Saat ini, STR adalah alat analisis polimorfisme genetik yang paling umum digunakan dalam genetika forensik. Kebanyakan kasus forensik melibatkan analisis polimorfik STR. Lokus STR tersebar di seluruh genom. Ada ribuan STR yang terletak di kromosom yang dapat digunakan dalam analisis forensik. Analisis STR tidak melibatkan polimorfisme panjang restriksi seperti analisis VNTR. Analisis STR tidak memotong DNA dengan enzim restriksi. Probe khusus digunakan untuk menempelkan daerah yang diinginkan pada DNA dan menggunakan teknik PCR, panjang STR ditentukan.
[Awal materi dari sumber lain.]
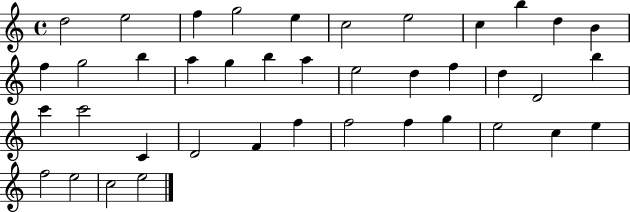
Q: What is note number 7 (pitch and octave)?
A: E5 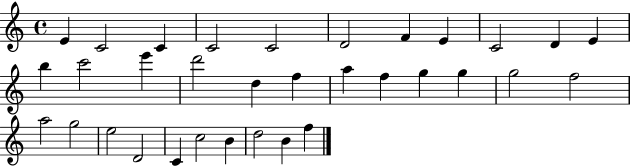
E4/q C4/h C4/q C4/h C4/h D4/h F4/q E4/q C4/h D4/q E4/q B5/q C6/h E6/q D6/h D5/q F5/q A5/q F5/q G5/q G5/q G5/h F5/h A5/h G5/h E5/h D4/h C4/q C5/h B4/q D5/h B4/q F5/q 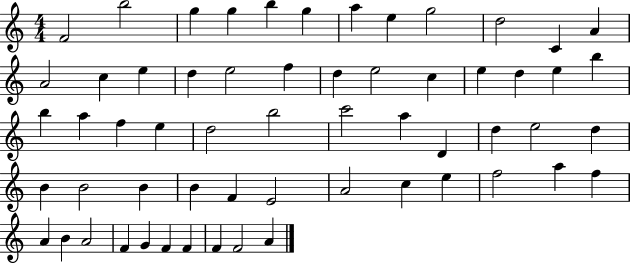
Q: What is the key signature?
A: C major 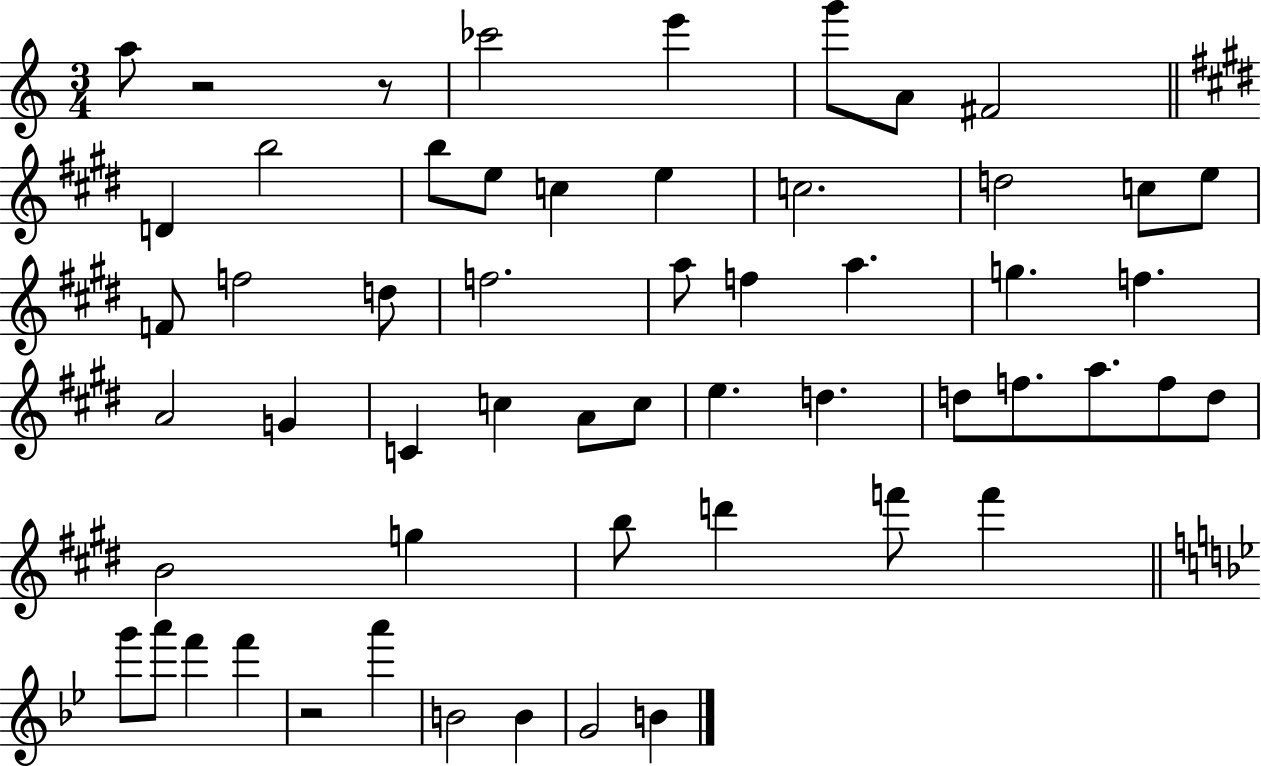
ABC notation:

Gambar 02: Variasi STR antar sampel
Apa Persamaan Antara VNTR dan STR?
- VNTR dan STR adalah DNA noncoding.
- Keduanya adalah pengulangan tandem.
- Keduanya menunjukkan polimorfisme antar individu karena perbedaan panjang bagian DNA.
- Keduanya digunakan sebagai penanda genetik yang kuat dalam sidik jari DNA dan dalam studi forensik.
Apa Perbedaan VNTR dan STR?
VNTR vs STR |
|
| VNTR adalah DNA berulang noncoding yang memiliki urutan nukleotida pendek yang berulang secara tandem. | STR adalah bagian DNA yang sangat berulang yang terdiri dari dua hingga tiga belas unit pengulangan nukleotida yang disusun secara tandem. |
| Ukuran | |
| VNTR lebih besar dari STR. | STR lebih kecil dari VNTR. |
| Jumlah Nukleotida dalam Urutan Berulang | |
| Unit berulang VNTR terdiri dari 10 hingga 100 nukleotida. | Unit berulang STR terdiri dari 2 hingga 13 nukleotida. |
Ringkasan – VNTR vs STR
VNTR dan STR adalah dua penanda genetik kuat yang digunakan dalam biologi molekuler, terutama di bidang genetika forensik. VNTR adalah jenis satelit mini dan STR adalah satelit mikro. VNTR dan STR adalah noncoding, DNA yang sangat berulang. Mereka adalah pengulangan tandem. Struktur umum VNTR dan STR adalah sama. Namun, jumlah nukleotida dalam urutan berulang dan panjangnya berbeda. VNTR memiliki urutan berulang yang terdiri dari 10 hingga 100 nukleotida. STR memiliki urutan berulang yang terdiri dari 2 hingga 13 nukleotida. Inilah perbedaan antara VNTR dan STR.
Unduh Versi PDF VNTR vs STR
Anda dapat mengunduh versi PDF dari artikel ini dan menggunakannya untuk tujuan offline sesuai dengan catatan kutipan. Silakan unduh versi PDF di sini Perbedaan Antara VNTR dan STR.